Development of a Dynamic Multi-Protein Signature of Postoperative Delirium.

Background: Delirium is common, morbid, and costly, yet its biology is poorly understood. We aimed to develop a multi-protein signature of delirium by identifying proteins associated with delirium from unbiased proteomics and combining them with delirium biomarkers identified in our prior work (interleukin [IL]-6 and IL-2). Methods: We used the Successful Aging after Elective Surgery (SAGES) Study of adults age ≥70 undergoing major noncardiac surgery (N = 560; 24% delirium). Plasma was collected preoperatively (PREOP) and on postoperative day 2 (POD2). In a nested matched case-control study involving 12 pairs of delirium cases and no-delirium controls, isobaric tags for relative and absolute quantitation-based (iTRAQ) mass spectrometry proteomics was applied to identify the top set of delirium-related proteins. With these proteins, we then conducted enzyme-linked immunosorbent assay (ELISA) confirmation, and if confirmed, ELISA validation in 75 matched pairs. Multi-marker conditional logistic regression was used to select the "best" PREOP and POD2 models for delirium. Results: We identified three proteins from iTRAQ: C-reactive protein (CRP), zinc alpha-2 glycoprotein (AZGP1), and alpha-1 antichymotrypsin (SERPINA3).
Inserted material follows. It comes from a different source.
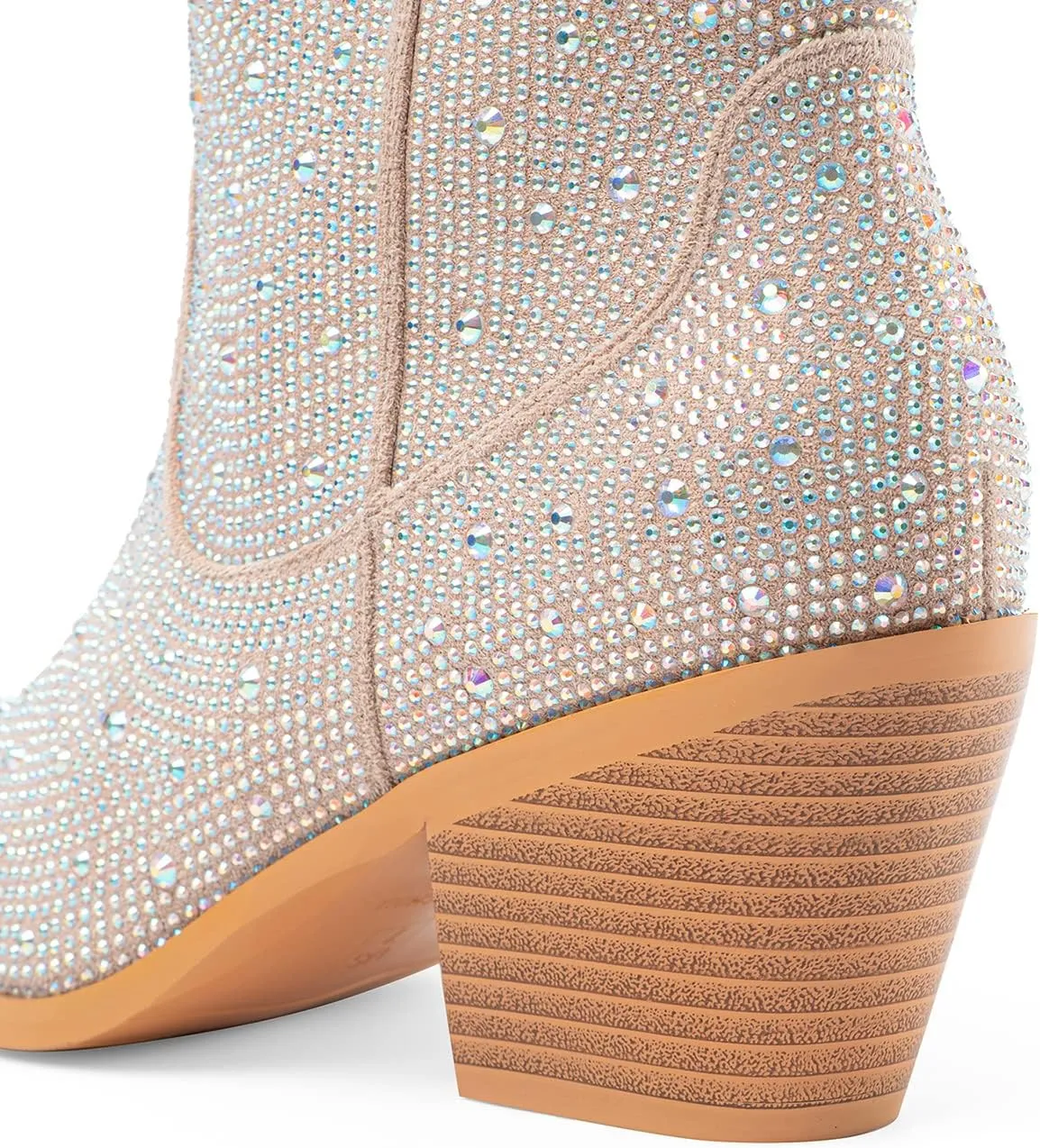 Oh Mispares Women's Sparkly Glitter Rhinestone Cowboy Ankle Boots Western Pointed Toe Low Block Heel Cowgirl Booties with Zipper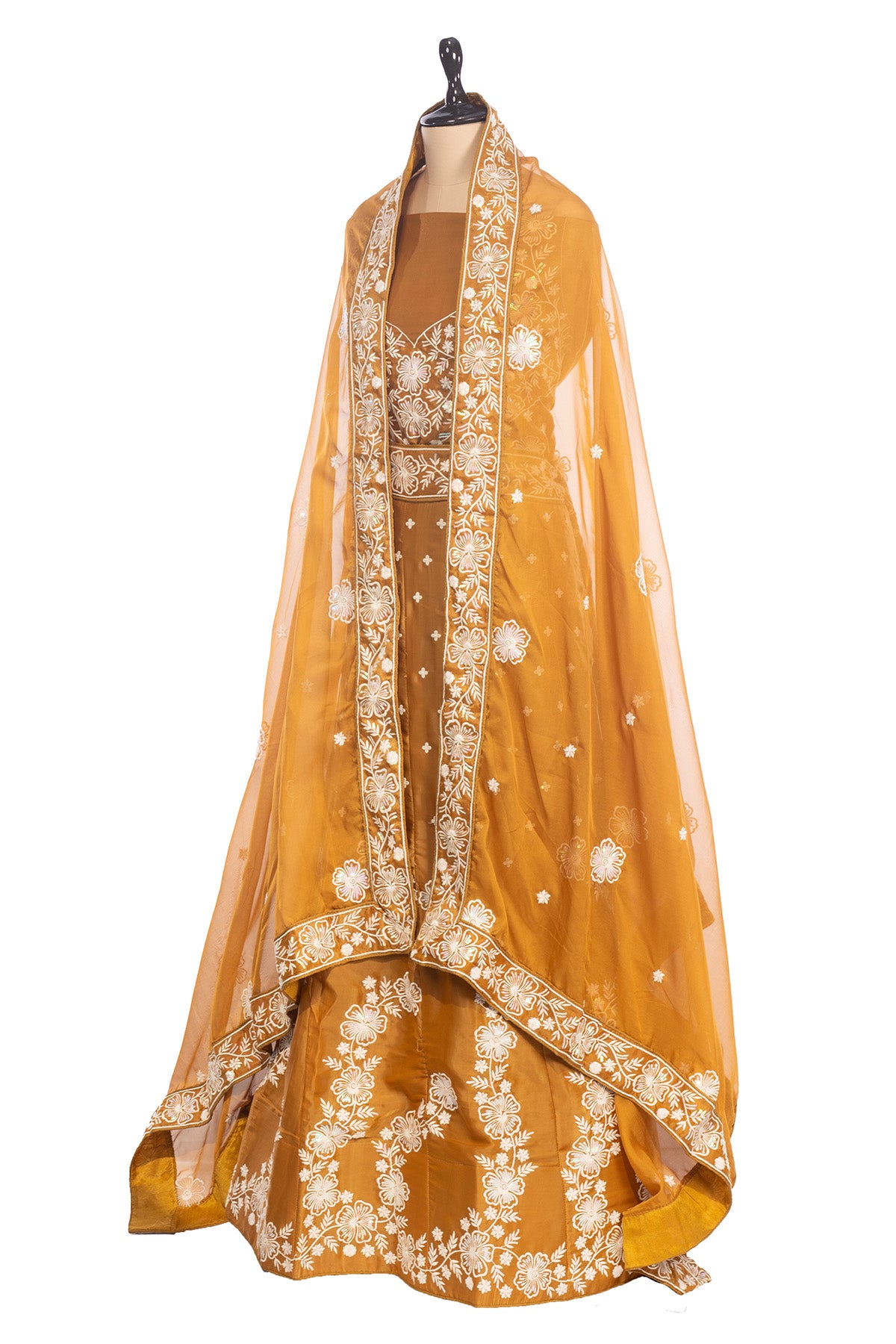 Silakaari Mustard Fancy Floral Sequin Heavy Parywear Unstitched Lehenga Sharara Set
The "best" multi-protein models of delirium included: PREOP: CRP and AZGP1 (Bayesian information criteria [BIC]: 93.82, c-statistic: 0.77); and POD2: IL-6, IL-2, and CRP (BIC: 87.11, c-statistic: 0.84). Conclusion: The signature of postoperative delirium is dynamic, with some proteins important before surgery (risk markers) and others at the time of delirium (disease markers). Our dynamic, multi-protein signature for delirium improves our understanding of delirium pathophysiology and may identify patients at-risk of this devastating disorder that threatens independence of older adults.